**Requirement**: Up to and including the line that contains "67 м², 3-комнатная", write out every line of the entries exactly, beginning with the first. Omit the pictures.

**Material provided**:
::::::::::

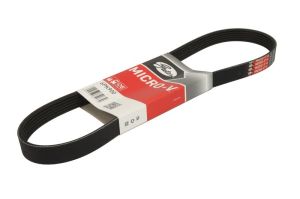 Pasek wieloklinowy GAT6PK900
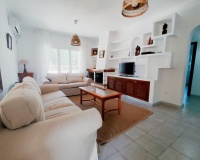 Venta - Villa - Orihuela - Cabo Roig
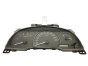 Contagiri Toyota Avensis 83800-44530 157510-4660 Denso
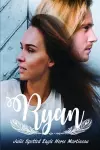 Ryan cover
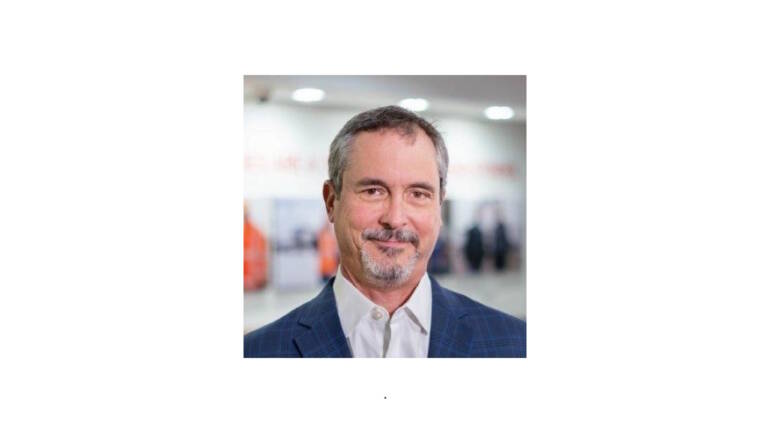 New CFO at Interplay Learning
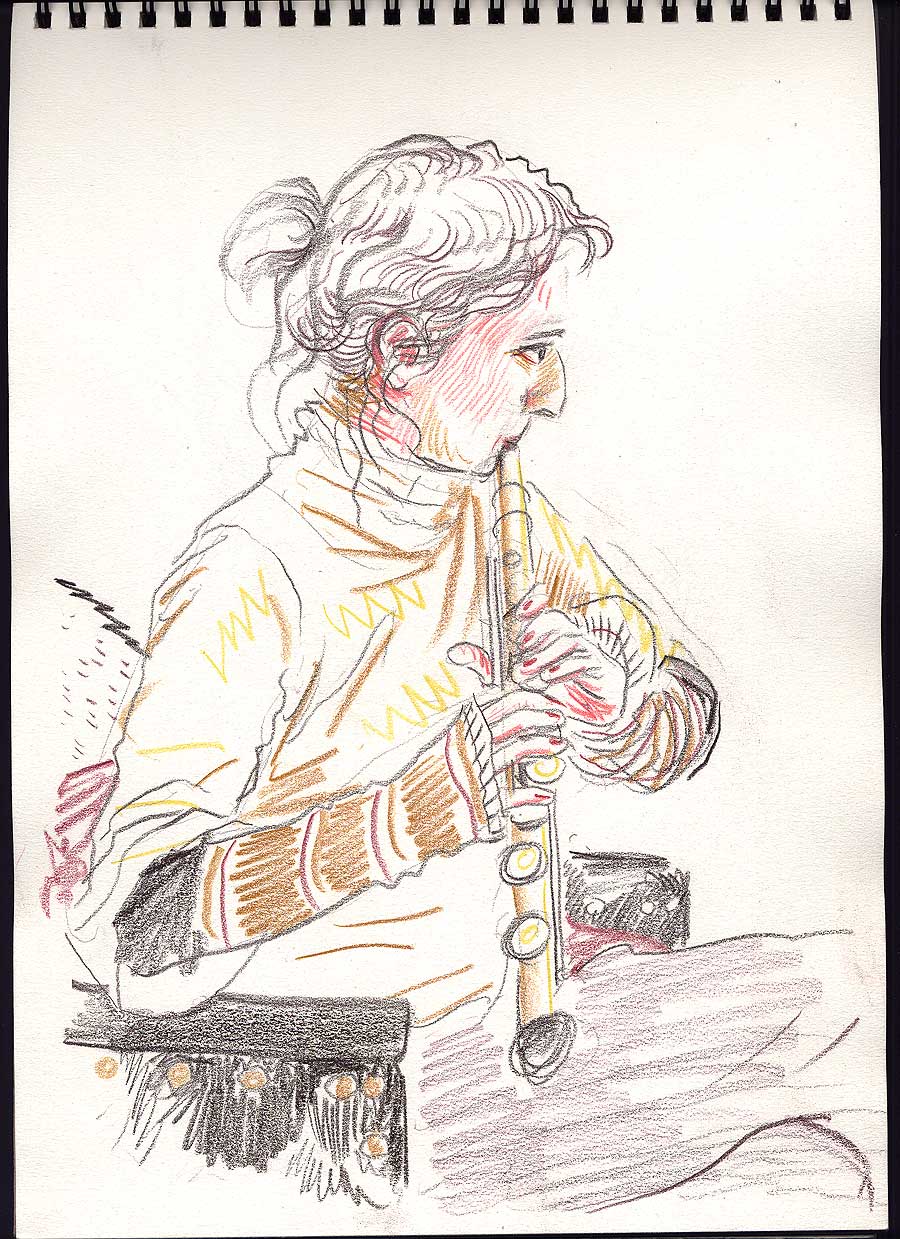 07-01-29-perrine3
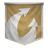 DPG36 emblem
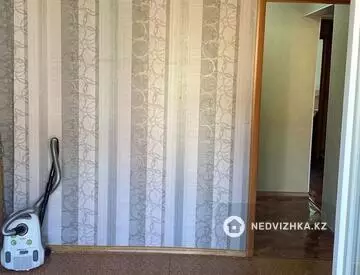 67 м², 3-комнатная квартира, этаж 3 из 5, 67 м², изображение - 0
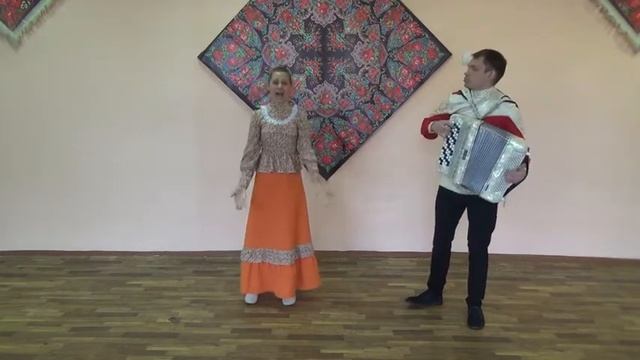 Осипова Анна - МАУ ДО "ДШИ", г. Стерлитамак смотреть онлайн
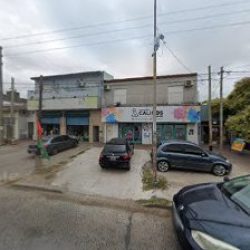 Nota De G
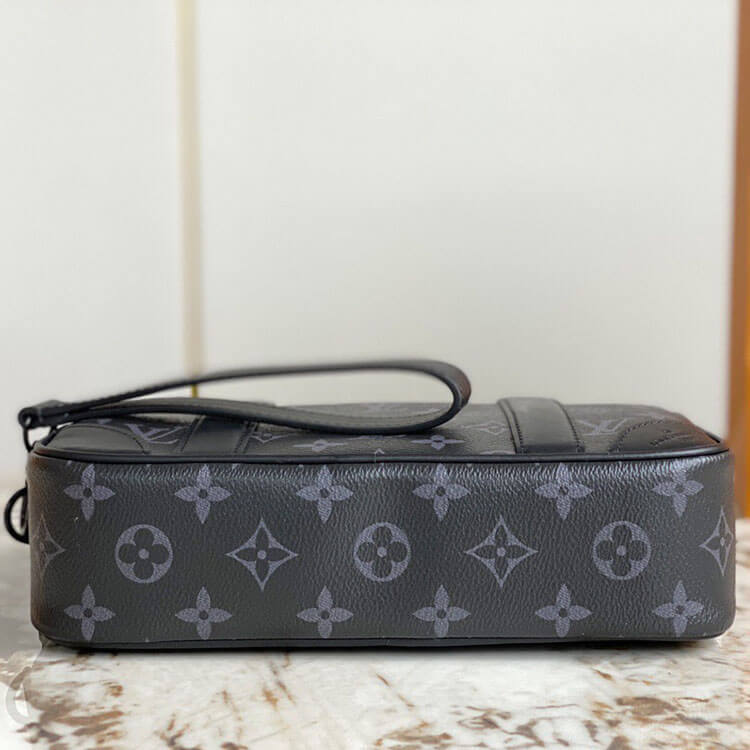 Replica-LV-Pochette-Kasai-M82076-4.jpg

::::::::::

**Solution to the problem**:
 Pasek wieloklinowy GAT6PK900
 Venta - Villa - Orihuela - Cabo Roig
 Contagiri Toyota Avensis 83800-44530 157510-4660 Denso
 Ryan cover
 New CFO at Interplay Learning
 07-01-29-perrine3
 DPG36 emblem
 67 м², 3-комнатная квартира, этаж 3 из 5, 67 м², изображение - 0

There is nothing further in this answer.